• **Your assignment**: Set down exactly the lines running from the one with "3LDK Detached House" to the last line of the listing below, both included, and skip every picture.

• **Source material**:
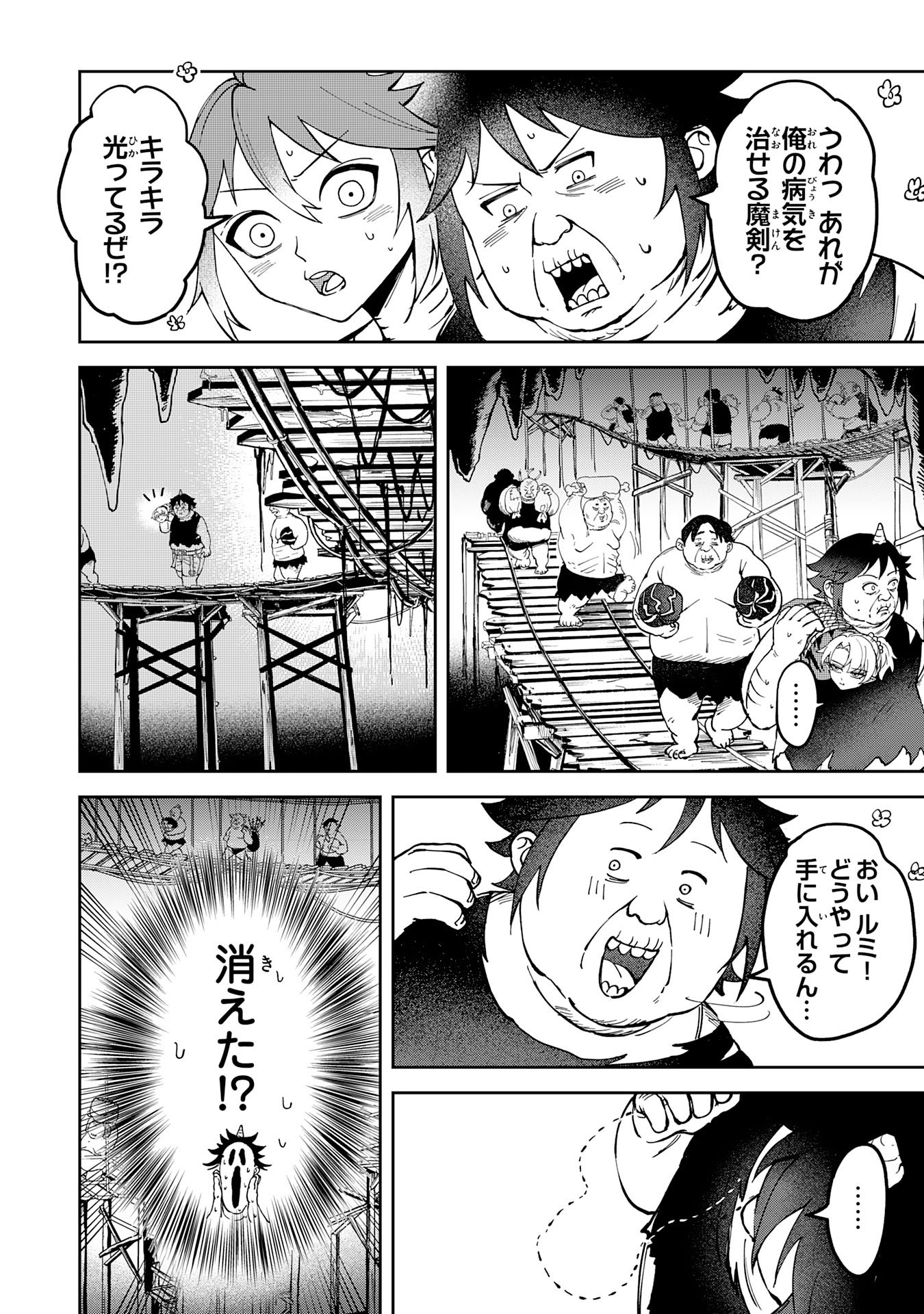 GEMIS Chapter 3.1 8ページ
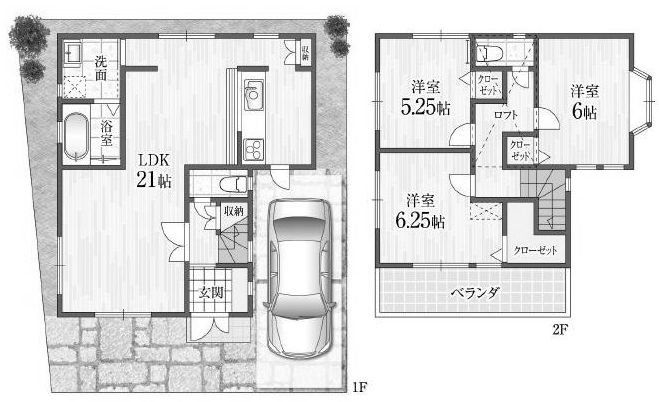 3LDK Detached House for Sale in Takatsuki, Osaka - Thumbnail 2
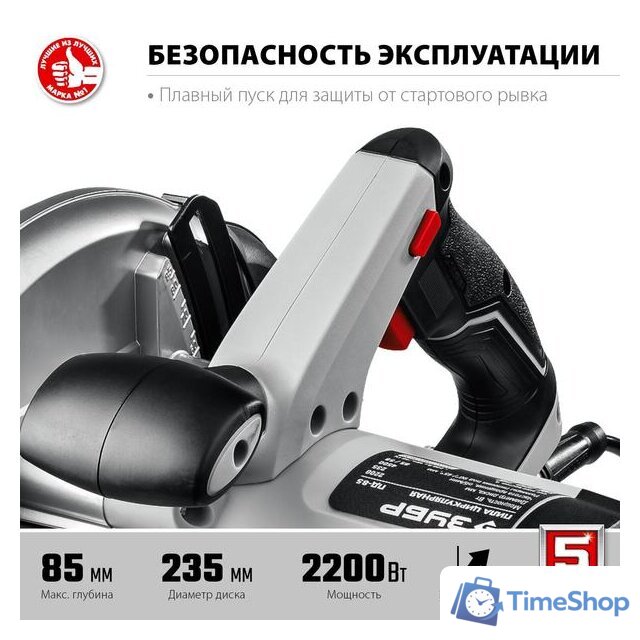 Дисковая (циркулярная) пила Зубр Мастер ПД-85 - Изображение №5 — Интернет-магазин Time-Shop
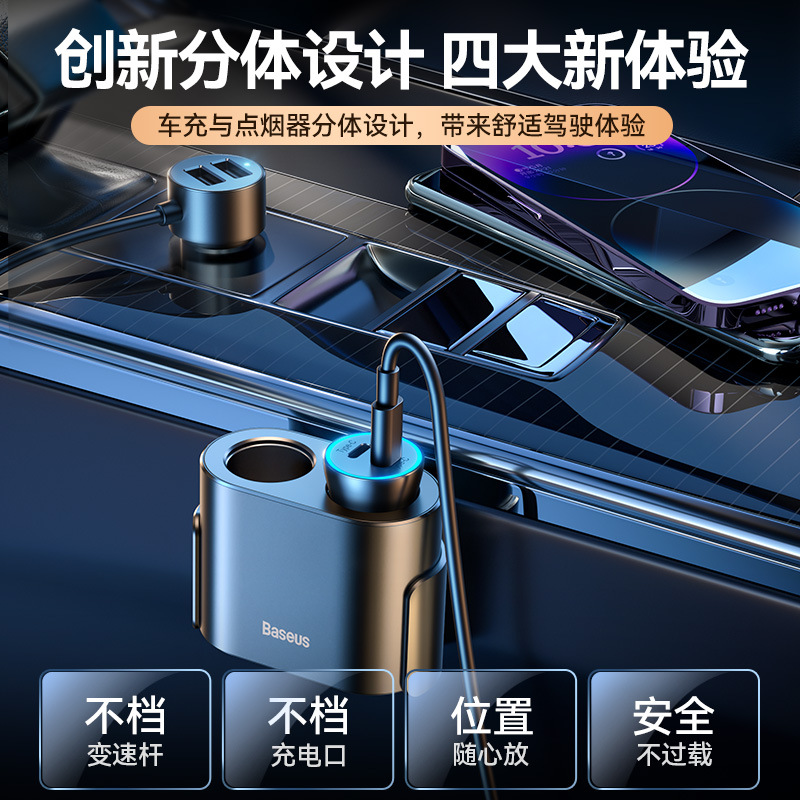 倍思车载充电器点烟器转换插头一拖二usb车充多功能扩展快充车用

• **Answer to the problem**:
 3LDK Detached House for Sale in Takatsuki, Osaka - Thumbnail 2
 Дисковая (циркулярная) пила Зубр Мастер ПД-85 - Изображение №5 — Интернет-магазин Time-Shop
 倍思车载充电器点烟器转换插头一拖二usb车充多功能扩展快充车用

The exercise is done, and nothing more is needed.